Bien qu'abondantes dans ce beau livre, les images disent aussi les «silences criants» de périodes dont on a aucune trace pour les gays, les lesbiennes ou les trans, comme la Seconde Guerre mondiale. Après 1945, les archives se multiplient et se diversifient (des revues militantes Arcadie, Gai pied, Lesbia et Têtu aux photos de manifestations pour le pacs et le mariage pour tous en passant par les affiches de prévention contre le VIH/sida). Mais elles sont aussi «hantées par le présent, le passé et le futur de l'oppression», souligne Antoine Idier, reprenant à son compte la formule de l'auteur du Retour à Reims, le philosophe Didier Eribon.

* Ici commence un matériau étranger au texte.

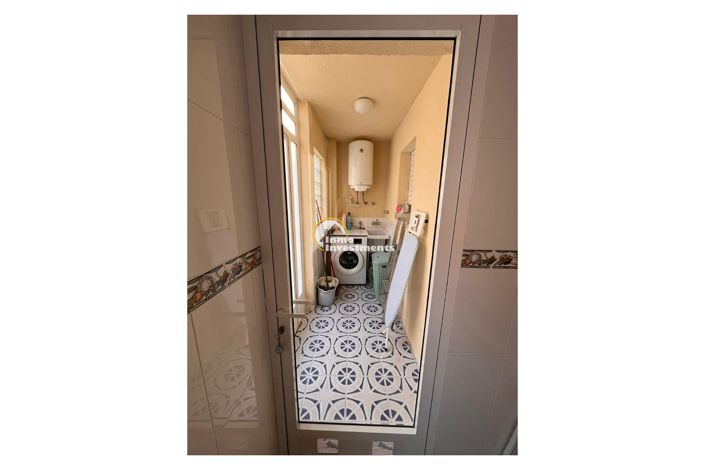 Image No.8-4 Bed Townhouse for sale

«Dans ce livre, ce qui est reproduit est aussi important que tout ce qui en est absent, tout ce qu'il reste à trouver. C'est un geste infini, explique-t-il. Le plus intéressant à mes yeux n'est pas la constitution d'une archive. Mais le mouvement d'interpellation permanente de l'histoire, de lutte incessante dans le champ historique, de critique des occultations, des silences, etc.» De quoi alimenter le débat sur la conservation des archives LGBT, alors que la création d'un centre dédié à Paris, un serpent de mer vingtenaire, semble au point mort malgré les promesses municipales. «Certaines institutions publiques ont interrogé leur propre politique et ont accueilli des fonds LGBT – elles n'en avaient plus vraiment le choix, à vrai dire : les Archives nationales, la BNF ou le Mucem, par exemple, soulève à ce propos le chercheur. Mais il reste quantité de questions : qui décide ? Qui consulte ? Comment garantir la pérennité ? Qui peut consulter ? Le projet est-il seulement de conserver, ou d'en faire autre chose ?» Gageons que son livre, dont il commente quatre images ci-dessous, suscite des réponses.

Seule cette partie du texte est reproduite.